# [Supplied records]
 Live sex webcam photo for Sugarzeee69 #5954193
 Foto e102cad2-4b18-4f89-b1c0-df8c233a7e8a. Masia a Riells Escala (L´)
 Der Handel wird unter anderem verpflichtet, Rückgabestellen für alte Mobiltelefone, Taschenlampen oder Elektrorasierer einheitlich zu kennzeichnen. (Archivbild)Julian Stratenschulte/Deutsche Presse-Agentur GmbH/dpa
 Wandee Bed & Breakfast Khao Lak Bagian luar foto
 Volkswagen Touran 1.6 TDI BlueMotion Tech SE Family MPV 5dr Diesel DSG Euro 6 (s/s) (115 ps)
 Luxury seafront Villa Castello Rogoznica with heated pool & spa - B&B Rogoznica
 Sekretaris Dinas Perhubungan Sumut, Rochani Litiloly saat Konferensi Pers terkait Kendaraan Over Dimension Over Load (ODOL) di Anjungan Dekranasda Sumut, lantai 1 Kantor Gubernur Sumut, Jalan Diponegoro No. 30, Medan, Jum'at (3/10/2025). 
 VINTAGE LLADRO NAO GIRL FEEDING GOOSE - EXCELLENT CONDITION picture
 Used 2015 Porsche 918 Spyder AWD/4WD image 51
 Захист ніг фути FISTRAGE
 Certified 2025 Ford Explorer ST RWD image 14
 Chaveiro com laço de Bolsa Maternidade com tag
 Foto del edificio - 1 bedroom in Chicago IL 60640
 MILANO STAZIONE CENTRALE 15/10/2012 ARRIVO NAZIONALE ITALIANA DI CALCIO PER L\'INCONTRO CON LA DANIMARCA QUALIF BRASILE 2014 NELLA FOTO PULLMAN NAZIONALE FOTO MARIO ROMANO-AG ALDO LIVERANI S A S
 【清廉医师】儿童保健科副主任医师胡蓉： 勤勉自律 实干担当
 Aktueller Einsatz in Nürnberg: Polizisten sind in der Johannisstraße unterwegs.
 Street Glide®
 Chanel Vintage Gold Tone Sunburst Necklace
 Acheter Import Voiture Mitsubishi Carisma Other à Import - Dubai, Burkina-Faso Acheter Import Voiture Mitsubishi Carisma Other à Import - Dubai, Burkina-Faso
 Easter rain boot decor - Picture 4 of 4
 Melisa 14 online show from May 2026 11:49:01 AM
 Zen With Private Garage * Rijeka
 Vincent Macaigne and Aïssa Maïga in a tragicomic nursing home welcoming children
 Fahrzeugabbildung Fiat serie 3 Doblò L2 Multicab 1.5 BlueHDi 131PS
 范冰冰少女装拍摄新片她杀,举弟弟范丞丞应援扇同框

# [What is needed]
Retype the records above, but only those lines that fall between the line containing "Sekretaris Dinas Perhubungan" and the line containing "VINTAGE LLADRO NAO", with both of those lines included, exactly as written.

# [Exercise answer]
 Sekretaris Dinas Perhubungan Sumut, Rochani Litiloly saat Konferensi Pers terkait Kendaraan Over Dimension Over Load (ODOL) di Anjungan Dekranasda Sumut, lantai 1 Kantor Gubernur Sumut, Jalan Diponegoro No. 30, Medan, Jum'at (3/10/2025). 
 VINTAGE LLADRO NAO GIRL FEEDING GOOSE - EXCELLENT CONDITION picture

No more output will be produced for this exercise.